En la misma ocasión, se construyó también una mejor plaza para indicar más notablemente al lugar, la que ha ido adoptando pequeñas áreas verdes, decoración, senderos interiores y lugares de descanso para las visitas. Fue inevitable que el pueblo de Valparaíso bautizara este lugar como la Cruz de los Muertos, entonces, aunque formalmente el sitio se llame Plaza del Recuerdo, como se lee sobre el enrejado metálico de su acceso, aunque con frecuencia ha sido mencionada también como Plaza Los Recuerdos.
Persisten ciertas dudas sobre la cantidad final de muertos y las dimensiones generales que tuvo la fosa allí, además de rondar historias sobre la posible presencia de otros depósitos similares en el cerro Los Placeres y el mencionado Cementerio de Playa Ancha. En los aniversarios del terremoto, sin embargo, se realizan ceremonias vecinales y eucarísticas especialmente emotivas en la misma Plaza del Recuerdo conmemorando y recordando a todos los fallecidos en el lugar donde quedaron sus restos. Importantes autoridades religiosas y públicas sueles concurrir a estas significativas reuniones.

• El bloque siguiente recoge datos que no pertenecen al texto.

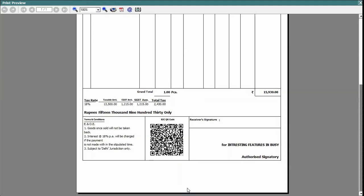So in this manner you can print B2C QR code in standard format, but if you want to print B2C QR code, that is dynamic QR code, on all the invoices then you need to design the format for the same.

El monumento forma parte también de la Ruta Histórica del Barrio Merced y algunos consideran que tiene méritos suficientes para ser considerada otra de las varias animitas patrimoniales de Valparaíso. Como lugar de conmemoración, entonces, se han realizado importantes mejoras y se adicionó en ella también un monolito menor con una placa recordando a las víctimas de los trágicos incendios de abril de 2014. Ese mismo año se agregó una placa ad-hoc a esta ruta, en donde leemos: "Un cementerio informal inserto hoy en medio de la población, generando un vínculo muy estrecho con su comunidad que lo cohabita, siendo parte del Barrio a través de su Patrimonio Histórico, Cultural e Identitario". Por su lado, la Comunidad Cristiana San José Obrero y la Casa Ludoteca Merced de la Pontificia Universidad Católica de Valparaíso donaron una Virgen de la Merced para la plaza, inaugurada en una hornacina propia el 16 de enero de 2022, "para que junto a la Cruz de Jesús ayuden a nuestro Cerro (a) crecer con Unidad y Progreso". Se han agregado también algunos paneles informativos sobre la flora de la plaza: ruda, romero, menta y lavanda.
Ubicada exactamente en el encuentro de las calles Carlos Rogers y Lo Coronado, entonces, la Plaza del Recuerdo ha seguido siendo retocada y mejorada. Podemos decir que la Cruz de los Muertos es hoy otro de los varios lugares con encantos ocultos que puede ofrecer el puerto, lavando con ello el dolor de la desventura que dio origen a la misma.